Меж строк - вся правда в любой книге.
Былое - то самое беспечальное детство, что пришлось на восьмидесятые. В которых уже зрели девяностые.
Третий этюд - характер.
Характер - бешеный. Фантазерка. Волшебница. Бесноватая фея, чеканящая чечетку. Черточки накапливаются в логике ералаша и калейдскопа, логика угадывается «между строк» Логика отважного напора, пламенного воодушевления. Все нипочем. Горит. Лечит огнем. Готова прослыть истеричкой. Летает на метле, «вращая Космос волей каблуков». Что-то звездное. Музыка звезд. «Истощенье сил и нервов» - как знак осуществленности. Дурочка. Пантерочка. Снегурочка. Уродина…
Последнее самоопределение обрамлено строками, звучащими как заклинание:
Какой Родине? Где она тут? Или это путаница? Но в мире вообще все - путаница. Все сыплется, как из перевернутой пудреницы. Дворцы - на песке. Идешь по несуществующим следам. «На вершине двуглавой империи» воздвигаешь «стихов кавардак». И это поднято - в качестве флага! «Может, мне сплести себе сетку тесную, чтоб была вселенная не видна?»

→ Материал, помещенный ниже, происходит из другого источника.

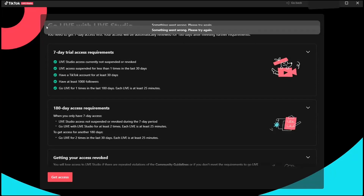On PC, the TikTok Live Studio software had a problem I kept running into: even if I had all the requirements checked, when I pressed 'get access' this would pop up on screen — 'something went wrong, please try again' — and it wouldn't let me get access to start streaming on PC.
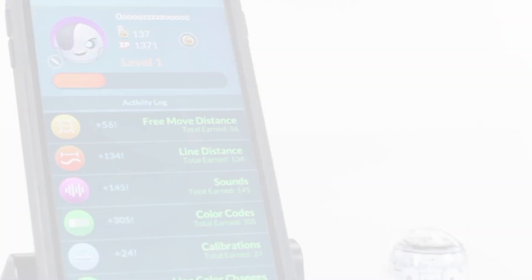To learn more about Evo and the app, visit Ozobot.com/evo-app.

Вот он, стык характера и мироздания. Вселенная - видна. Слишком видна. Так отчетливо видна, что может ослепить. Видна как целое: от бумажной лодочки до «Титаника», от ежика, убитого детьми, до паучка, сплетшего сетку. Мир един. Он не расколот на черных и белых, на своих и чужих, на доброе и злое. В нем нерасчленимое двоевластие свободы и плена. И все равны. Праведники играют с бесами, больно всем.
Бабушка сказки сказывает про Греку, что ехал через реку. Но бабушка и правду рассказывает, как чаек остыл. Внучка слушает то, что «меж строк».
Меж строк - озноб. Сердце пылает, а в мирозданье холодно. В мирозданье голодно, а все едят. Слушайте, как прорвется: «Мыши кушают зерно. Мне же это все равно. Ни гумна нет, ни зерна, ни картошки, ни хрена. И ни лета нет, ни стуж, только дети, только муж, только стирка да стряпня, штопка-дырка у меня. Только мыши в уголке да комар на потолке. Все пищат и все гудят. Что же, блин, они едят?»
Вот и свяжите строки с междустрочьями: как горит этот пламень в этом холоде. Вот и соедините ближний мир, глажку-полоскание, - с тем, куда душа улетает: «я улетаю, чтобы боль своей души в закатной синьке звездных грез ополаскивать». Вот и судите, что тут из чего: то ли ледяной отчужденный мир мобилизовал в этой душе двужильную живучесть, то ли душа горячая ощутила в себе такой кураж, что не боится, играя ва-банк, пропускать озноб через себя.
Этюд четвертый - контекст.
Кое- что в эстетике «раскрошенности» можно связать с постмодернистскими веяниями, смешением мотивов, перетеканием складок. Кое-что заставляет вспомнить гоголевскую панночку, а ближе -булгаковскую Маргариту, которая на метле летала. Можно вспомнить Мандельштама, пробовавшего склеить века позвонки. Можно, вслушавшись в созвучия, уловить, чьи такты подхватывает Ольга Залесская как бард. Впрочем, вряд ли это определишь точно: ее четкая музыкальность не имеет внешнего адреса: голос, иногда играющий серебристо, иногда режущий сталью, не изображает ни наивной девочки, ни усталой домоправительницы, в ее мелосе вообще ничего не изображается, тут нет намека на тот поющийся театр, который у Галича подхватил Луферов, - а просто душа рассказывает о том, что с ней происходит.
Я попробую найти этой душе контекст психологический - в партитуре сменяющихся сегодня поколений.
У меня есть такая любимая схема. Поколения не сменяются постепенно, как вода в бассейне, - они набегают волнами; каждая новая волна словно срывается с камня-волнореза каждые 12-15 лет (срок предполагается из соображений простейшей демографии: между отцами и детьми вклиниваются старшие-младшие братья: две биологические сетки ложатся впереброс).
Значит, каждые 12-15 лет надо нащупывать волнорез: событие, которое круто меняет общественную ситуацию и определяет психологические параметры того поколения, которое входит в жизнь. Например. Люди, родившиеся между 1905 и 1917 годами, - это один душевный склад, а люди, родившиеся между 1917 и 1929, - другой.